**BRIEF:**
What's wanted here is the full listing below, repeated exactly, with no images in it.

**TASK INPUT:**
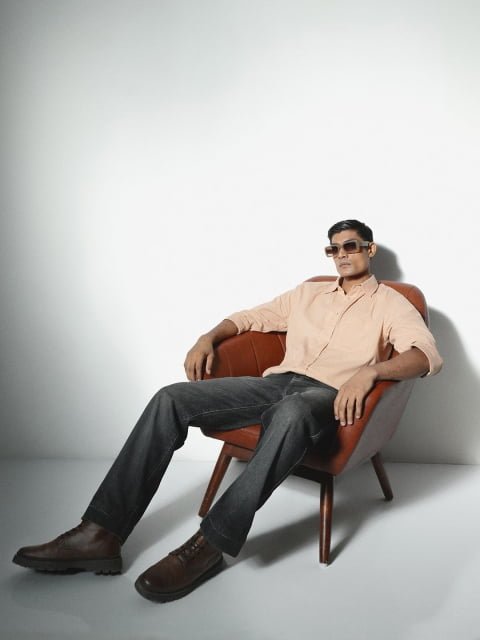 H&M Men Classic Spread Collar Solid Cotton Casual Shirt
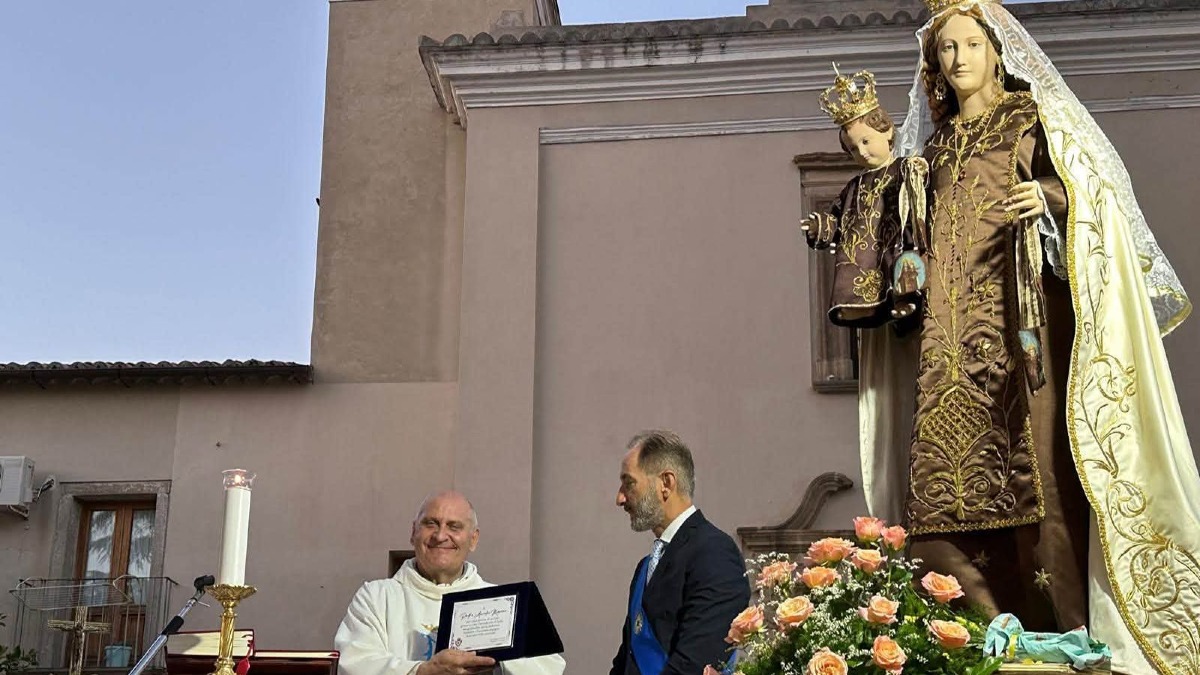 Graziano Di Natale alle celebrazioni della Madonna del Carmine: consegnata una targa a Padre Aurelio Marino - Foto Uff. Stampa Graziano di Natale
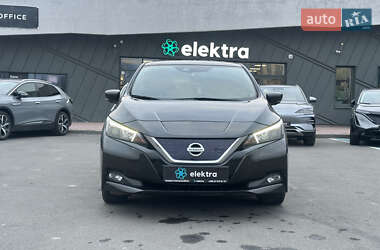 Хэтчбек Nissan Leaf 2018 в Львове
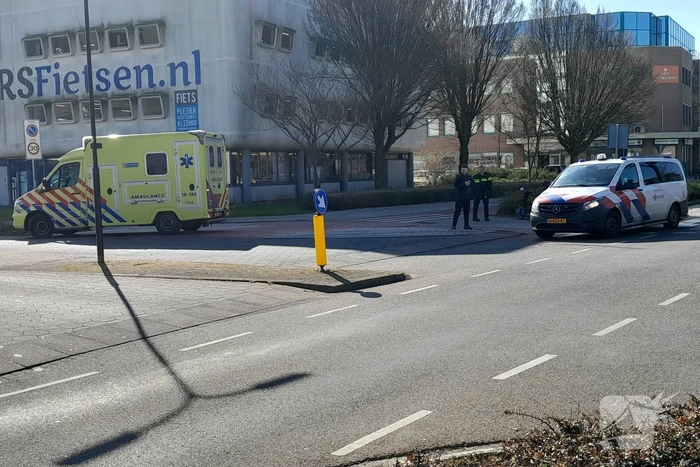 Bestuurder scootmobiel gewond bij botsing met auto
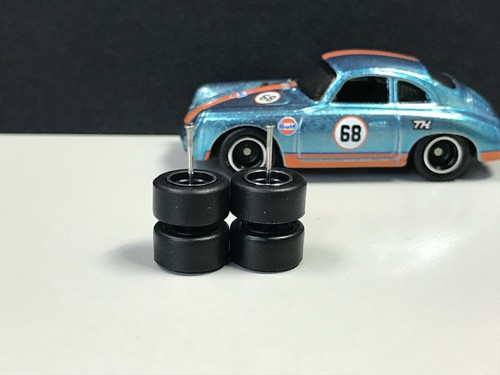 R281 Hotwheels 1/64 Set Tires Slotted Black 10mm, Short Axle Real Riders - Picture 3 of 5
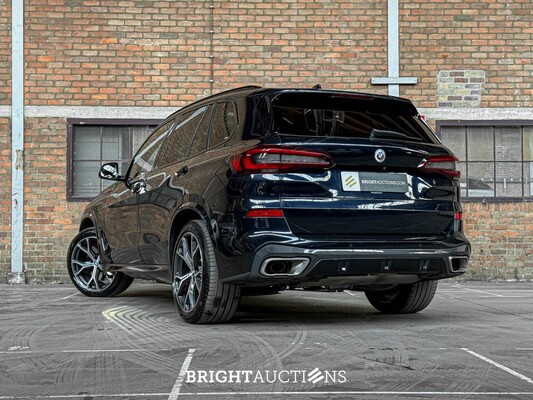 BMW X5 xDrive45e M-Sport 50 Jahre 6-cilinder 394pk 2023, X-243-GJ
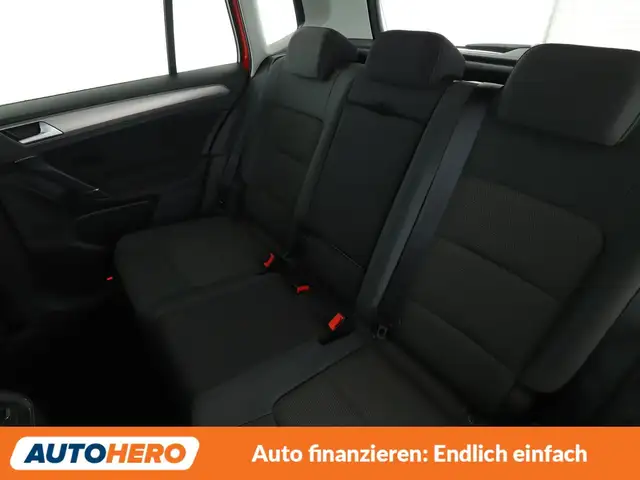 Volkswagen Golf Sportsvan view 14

**REPLY TO THE TASK:**
 H&M Men Classic Spread Collar Solid Cotton Casual Shirt
 Graziano Di Natale alle celebrazioni della Madonna del Carmine: consegnata una targa a Padre Aurelio Marino - Foto Uff. Stampa Graziano di Natale
 Хэтчбек Nissan Leaf 2018 в Львове
 Bestuurder scootmobiel gewond bij botsing met auto
 R281 Hotwheels 1/64 Set Tires Slotted Black 10mm, Short Axle Real Riders - Picture 3 of 5
 BMW X5 xDrive45e M-Sport 50 Jahre 6-cilinder 394pk 2023, X-243-GJ
 Volkswagen Golf Sportsvan view 14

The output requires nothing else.